By Dr. Joseph Chuman
The inspiration for my address this morning was a news feature that appeared early last month and made quite a buzz in certain intellectual circles. The issue at hand was the auctioning by Christie’s of a brief letter written by Albert Einstein in 1954, a year before his death. The letter was written to a German philosopher by the name of Eric Gutkind in response to a book Gutkind had written called “Choose Life: The Biblical Call to Revolt” that, apparently, Einstein did not much like. According to an article in the New York Times, the book “presented the Bible as a call to arms, and Judaism and Israel as incorruptible.” Einstein used his letter to Gutkind to very briefly express his opinions on God, the Bible, Judaism, and his relation to the Jewish people.
The letter was purchased by an anonymous bidder, who paid the astounding amount of almost $2.9 million for a missive that was barely a page and a half long. The sale of this letter superseded the amount paid for the much more significant note that Einstein had sent to President Franklin Roosevelt in 1939 that warned of “the possibility of the creation of extremely powerful bombs,” and served as the catalyst for the research that led to the creation of the Manhattan Project. That letter was sold by Christie’s in 2002 for the mere sum of $2.1 million.
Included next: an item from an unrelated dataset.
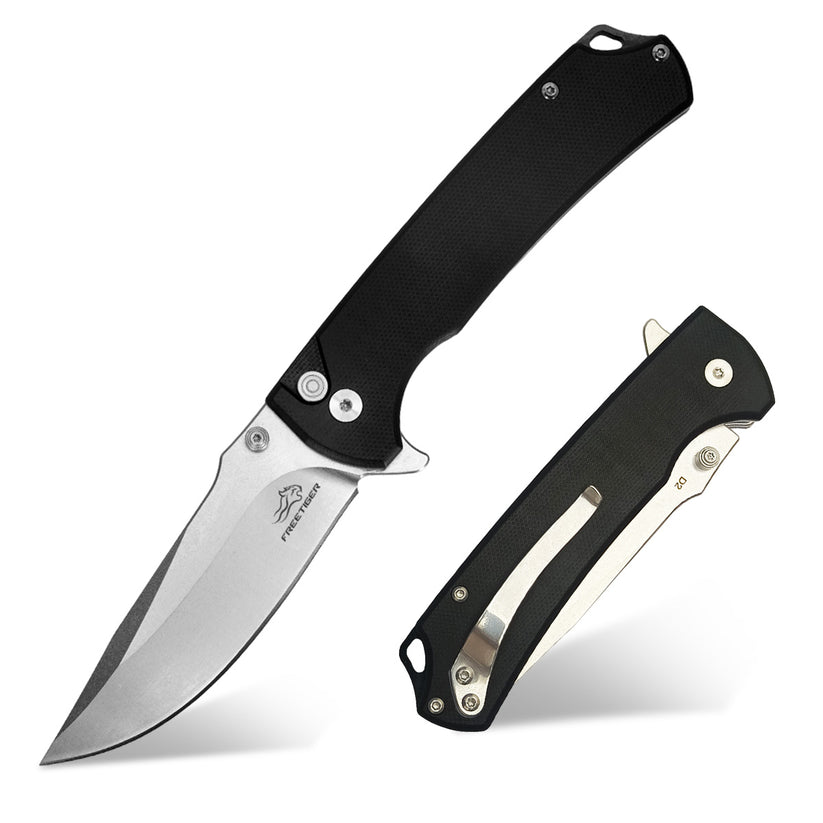 FreeTiger FT925 D2 Blade G10 Pocket Knife Button Lock EDC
I suspect that the value of what had come to be called Einstein’s “God Letter” is a testament to the influence of celebrity and to the fact that there are lots of people with lots of money to spend on these kinds of things. What may also have influenced the price is the contemporary relevance of the letter’s view on religion.
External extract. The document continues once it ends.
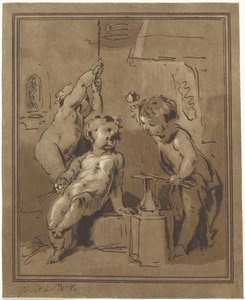 Três putti em uma bigorna de Bernhard Schreuder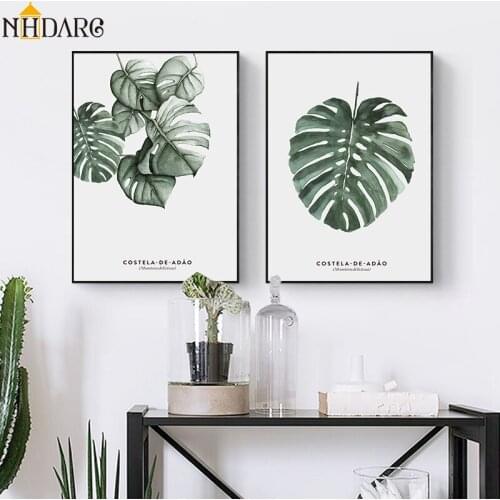 Watercolor Plant Leaves Monstera Poster Print Landscape Wall Art Canvas Painting Picture for Living Room Home Decor Decoration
We live in an age of religious polemics, wherein the influence of fundamentalist religion remains very strong, while on the other end of the spectrum, we have the so-called “New Atheists” as well as about 35 percent of millennials claiming to have “no religion.” In his letter, Einstein, who was the scientific rock star of the 20th century, did not equivocate with regard to his feelings about aspects of religion for which he had no use. He directly proclaimed, “The word God is for me nothing but the expression of and product of human weaknesses, the Bible a collection of venerable but still rather primitive legends,” and, “No interpretation, no matter how subtle, can (for me) change anything about this.”
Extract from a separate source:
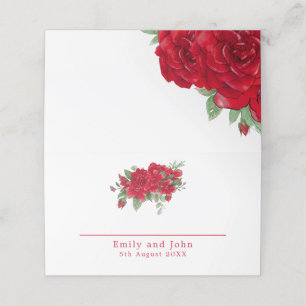 Rich Red Roses Floral Names Date Wedding Place Card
But I still remained surprised at the significance paid to this letter in that there is nothing that Einstein says in it that he hadn’t said many times before, in fact, throughout the entirety of his adult life. And it is the content of his views on religion that is the mainstay of my address this morning, content that I think should be of great interest to us as Ethical Culturists.
Einstein’s views directly relevant to Ethical Culture
First, let me explain why I think Einstein’s views on religion are directly relevant to us.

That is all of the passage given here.